The stay operated until the disposal of the application under Section 34 of the Act of 1996 and thus, there was an implied prohibition of enforcement of the arbitral award [Fiza Developers and Inter-trade Pvt. Ltd. v. AMCI (India) Pvt. Ltd. and Anr., (2009) 17 SCC 796]. The said observation was made despite the fact that Supreme Court had earlier in National Aluminium Co. Ltd. v. Pressteel & Fabrications (P) Ltd. [AIR 2005 SC 1514] recommended that an amendment to Section 36 is the need of the hour so as to ensure that the mere filing of an application under Section 34 does not operate as an ‘automatic stay’ on the enforcement of the arbitral award.

This specific issue was discussed by the Law Commission and it was recommended to substitute Section 36 so that the arbitral award does not become unenforceable upon making of an application under Section 34. In view thereof,Section 36 was wholly substituted by the 2015 Amendment Act, and now, as per Section 36(2), unless there is an express order of stay granted by the Court dealing with an application filed under Section 34, an arbitral award can be enforced.

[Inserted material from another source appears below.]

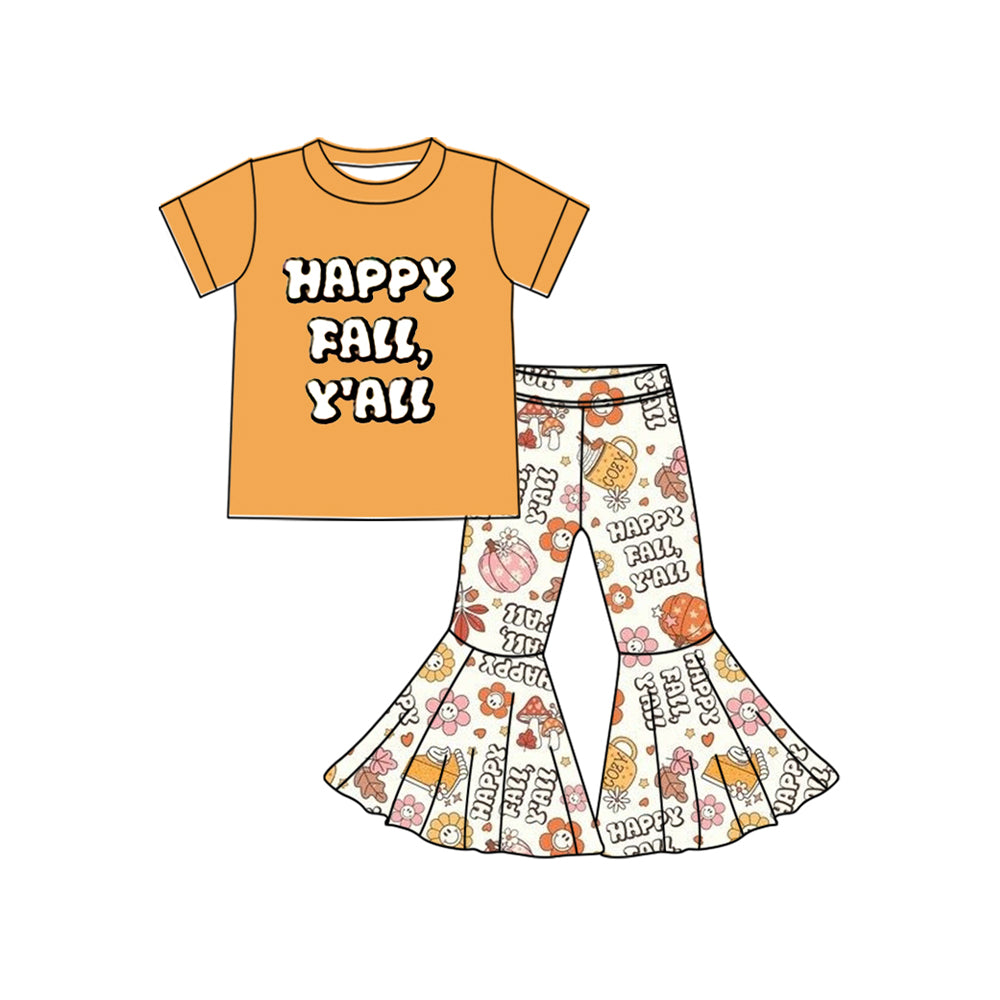 (Pre-order)GSPO2054 Fall Y'all Flowers Top Bell Pants Girls Clothes Set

Further, Section 36(3) states that a separate application for stay of the award has to be made by the applicant, which the Court will consider, as it thinks fit, and grant stay of the operation of the award for reasons to be recorded in writing. Thus, post amendment, in all cases where the Section 34 application is filed along with an application for stay under Section 36(3), the proceedings will be governed by Section 34 as amended and Section 36 as substituted.

However, the Ordinance now restricts even this discretion in certain cases. In terms of the Ordinance, a court must stay an arbitral award unconditionally if it is satisfied that a prima facie case of fraud or corruption is made out.

The jurisprudence of arbitrability of disputes where allegations of fraud have been levied is already settled by the Supreme Court in Rashid Raza’s case [(2019) 8 SCC 710] and Avitel’s case [C.A. No. 5145 of 2016] and thus, the tests laid down thereunder, will also be relevant for the purpose of deciding whether to grant unconditional stay or not.

Further, the Ordinance also grants unconditional stay in those cases where the award made, was induced by corruption. The amendment introduced by way of Ordinance is deemed to have been inserted from 23.10.2015, and applies to all court cases arising out of arbitral proceedings, irrespective of whether the arbitration or court proceedings were commenced before or after this date. The Ordinance, thus, gives effect to the judgment rendered by the Supreme Court in MMTC Ltd.’s case and casts an onerous duty upon the Arbitral Tribunal to act in a fair, independent and impartial manner. Vaibhav Niti is an Advocate on Record, Supreme Court of India.